Lotic, com origem em Austin mas residente em Berlim, apresenta-se em palco com uma longa cabeleira que oscila livremente ao vento, como num constante videoclip pop dos anos 90. O efeito submerge-nos no seu universo a partir da faixa de abertura – Love and Light, também a faixa de abertura do excelente Power, primeiro lançamento longa-duração do artista que se identifica como não-binário. A ambiência especial da faixa, à qual se junta a voz de Morgan, marca o início de uma performance idiossincrática que tem tantos momentos de expansivo R’n’B, cantado em palco, como de batidas noise agressivas, com Lotic na escuridão da sua mesa. Inteiramente a solo, move-se constantemente entre as duas personagens que encarna – e por vezes é sentida a falta de uma maior interligação destes elementos numa performance que sentimos que poderia ter sido muito mais coesa e intensa.
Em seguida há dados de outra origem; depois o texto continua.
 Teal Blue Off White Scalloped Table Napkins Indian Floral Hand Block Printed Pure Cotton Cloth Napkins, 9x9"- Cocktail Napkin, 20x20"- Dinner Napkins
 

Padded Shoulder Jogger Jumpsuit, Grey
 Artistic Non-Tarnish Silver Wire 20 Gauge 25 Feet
Lotic. Foto: João Rosa / CCA

Uma curta pausa depois, surge a banda de Linna Pereira. Inicialmente como set de música electrónica antes da sua entrada em palco, numa linha mais em comum com que ouvimos de Lotic minutos antes, o som muda completamente assim que a artista chega, acompanhada de Jup do Bairro. A sexualidade, retratada sem desculpa ou pudor, é palavra de ordem numa actuação que se inicia com ambas as artistas empunhando dildos de onde já expele um líquido (de misteriosa origem). O beat inicia-se e a festa fica ao rubro, ao som do funk contemporâneo brasileiro em que Linn da Quebrada expõe as suas letras. A performance é intensa e flagrantemente física: todos os elementos que a compõem partem de uma estética muito específica e experimental – desde o vestuário em voga com a corrente fashion do oversize, às representações constantes que ambas desenvolvem em palco, coordenadas com as mensagens a transmitir. Presenciamos bass drops com saltos conjuntos, vemos twerk (com e sem calças), elogiamos tabus. No fim, é hasteada uma bandeira do Brasil em arco-íris; infelizmente, um utópico contra-senso ao cenário actual.
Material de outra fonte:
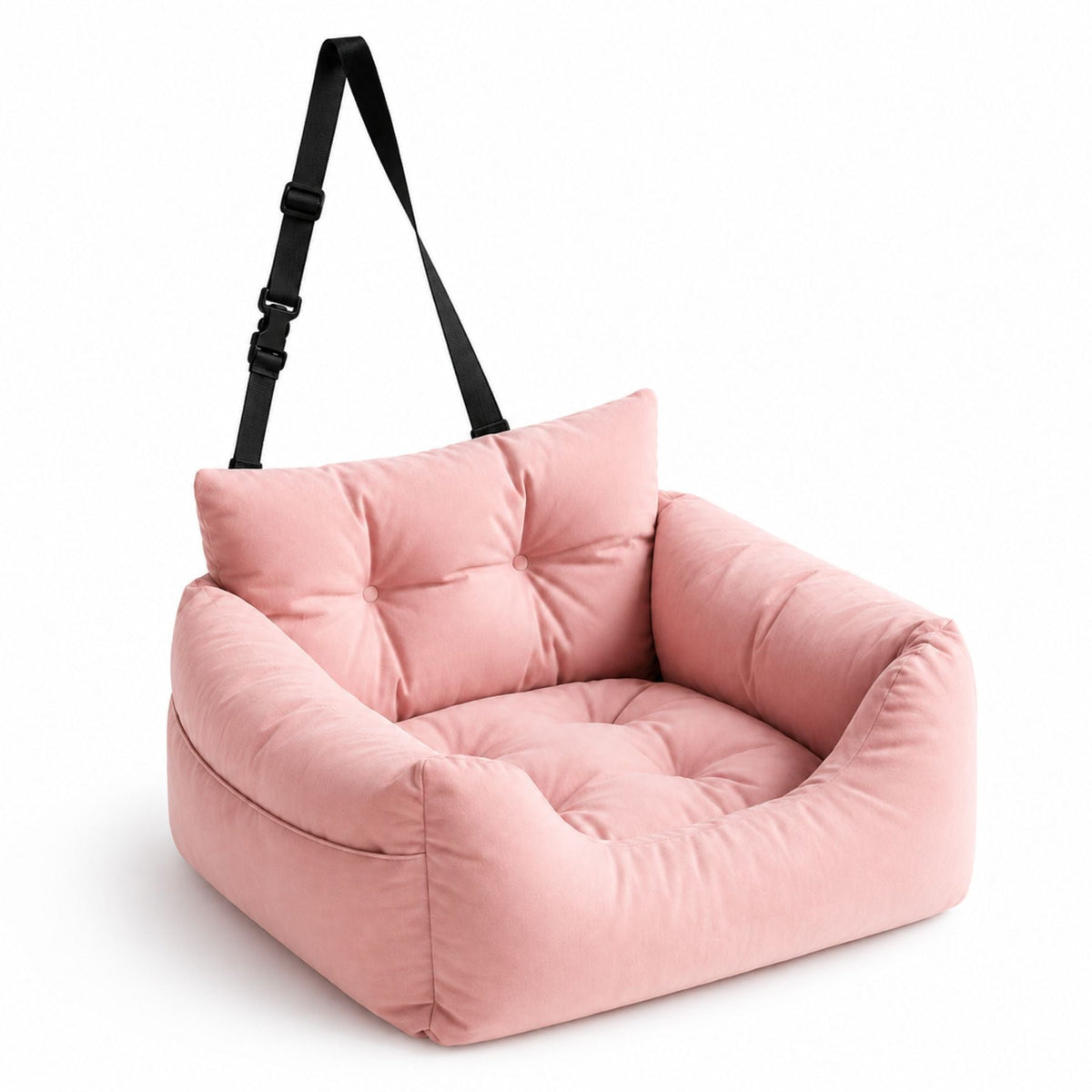 Dog Car Seat Bed with Secure Strap, Portable Pet Booster Seat for Small Dogs and Cats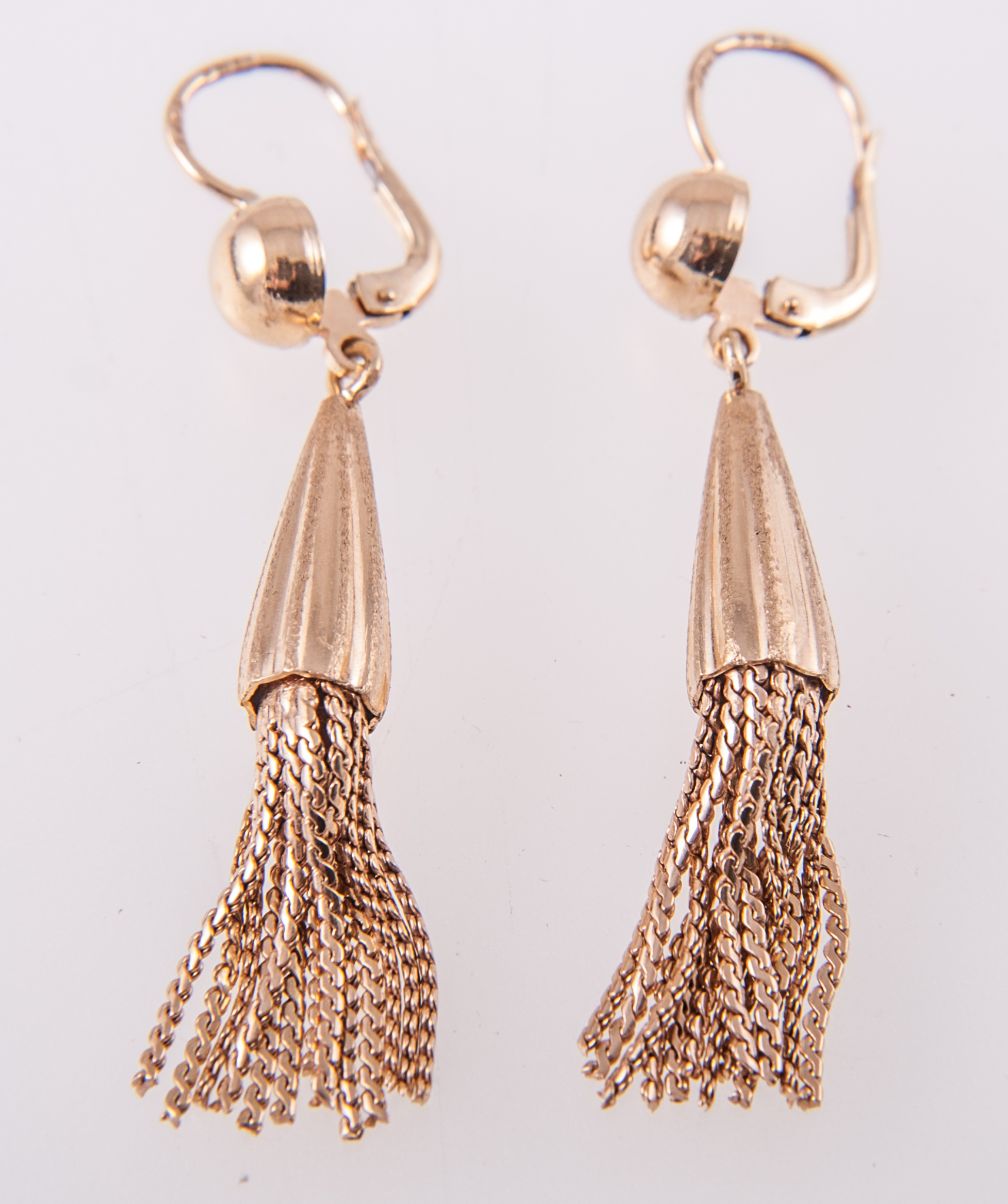 A pair of tassel drop earrings,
Linn da Quebrada. Foto: João Rosa/CCA

As últimas actuações do festival estão por conta de John T. Gast, figura britânica associada a Dean Blunt e Inga Copeland (e cuja figura misteriosa tem honras de menção no próprio livro do festival) e de DJ Lycox, forte aposta urbana no mesmo reino Príncipe Discos que nos trouxe ao festival Nídia ou até DJ Nigga Fox no ano anterior.
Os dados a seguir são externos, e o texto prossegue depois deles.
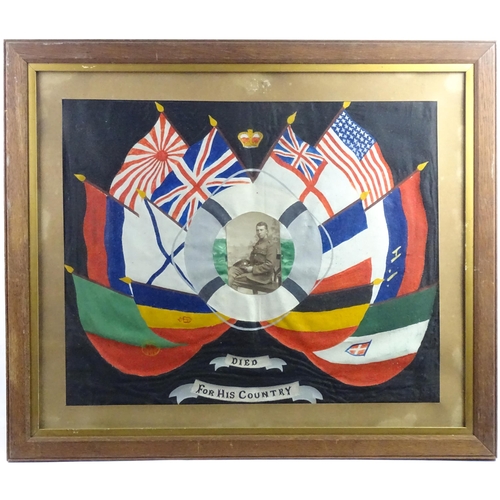 877 - Militaria, WWI / World War 1 / WW1 / First World War: two framed war memorials, each decorated with ... 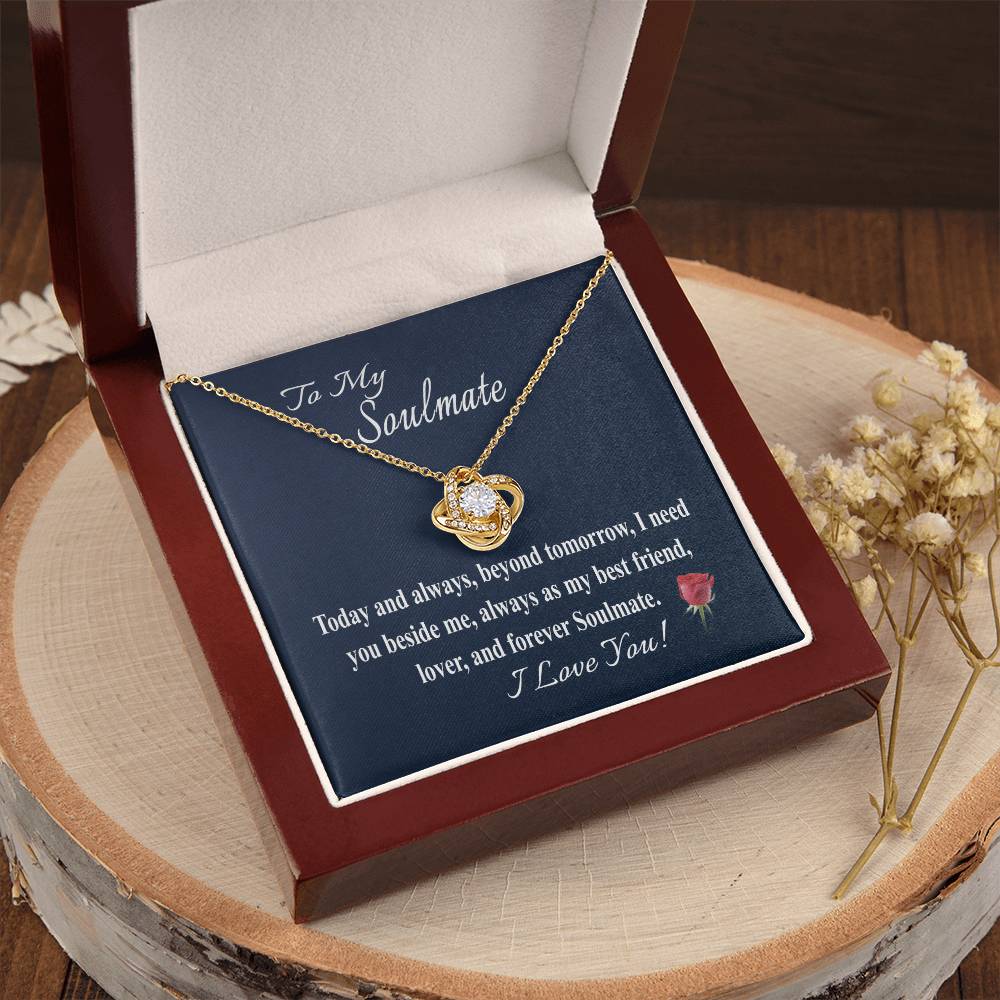 To My Soulmate Message Card Necklace  For Wife Girl - Love Knot Necklace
Na distância que no dia anterior seria demasiado grande para cobrir a pé, vários grupos enfrentam a peregrinação da noite dos Penicheiros até ao edifício A4 – local onde se iniciou e onde termina agora o festival. A marginal renovada e as luzes dos poucos pólos industriais que restam são ícones da revolução em curso no subúrbio esquecido – é um centro que se expande para a periferia como uma tarde de jazz termina numa rave anónima, sentimento que só se expande quando ao entrar na sala, espessas colunas de fumo irrompem pelo verde fluorescente que ilumina a divisão, apagando qualquer possível identidade dos participantes.

Foto: João Rosa / CCA

São, no fundo, estes ecos citadinos que o OUT.FEST capta na perfeição, bem como as forças em que se baseia: o centro e a periferia, o cerebral e o urbano, o ambient e a dança, o explorador e o cartógrafo. Mais que opostos, o festival prova que tal como a própria cidade e o exterior, estas dinâmicas são complementares e longe de pretensiosas. A aposta numa maior abertura à cidade foi ganha, e foi na sua vivência que ano após ano um dos festivais mais únicos e interessantes a nível nacional continua a encantar.

À saída do largo que embeleza o edifício A4, com fumo espesso a ser expelido pelas janelas, aceno em despedida a um grupo que sai também. Caras familiares dos mais de 20 concertos e experiências que partilhámos nas últimas 48 horas, não hesitam: “Até para o ano!”, exclamam.

“Até para o ano!”, exclamo de volta.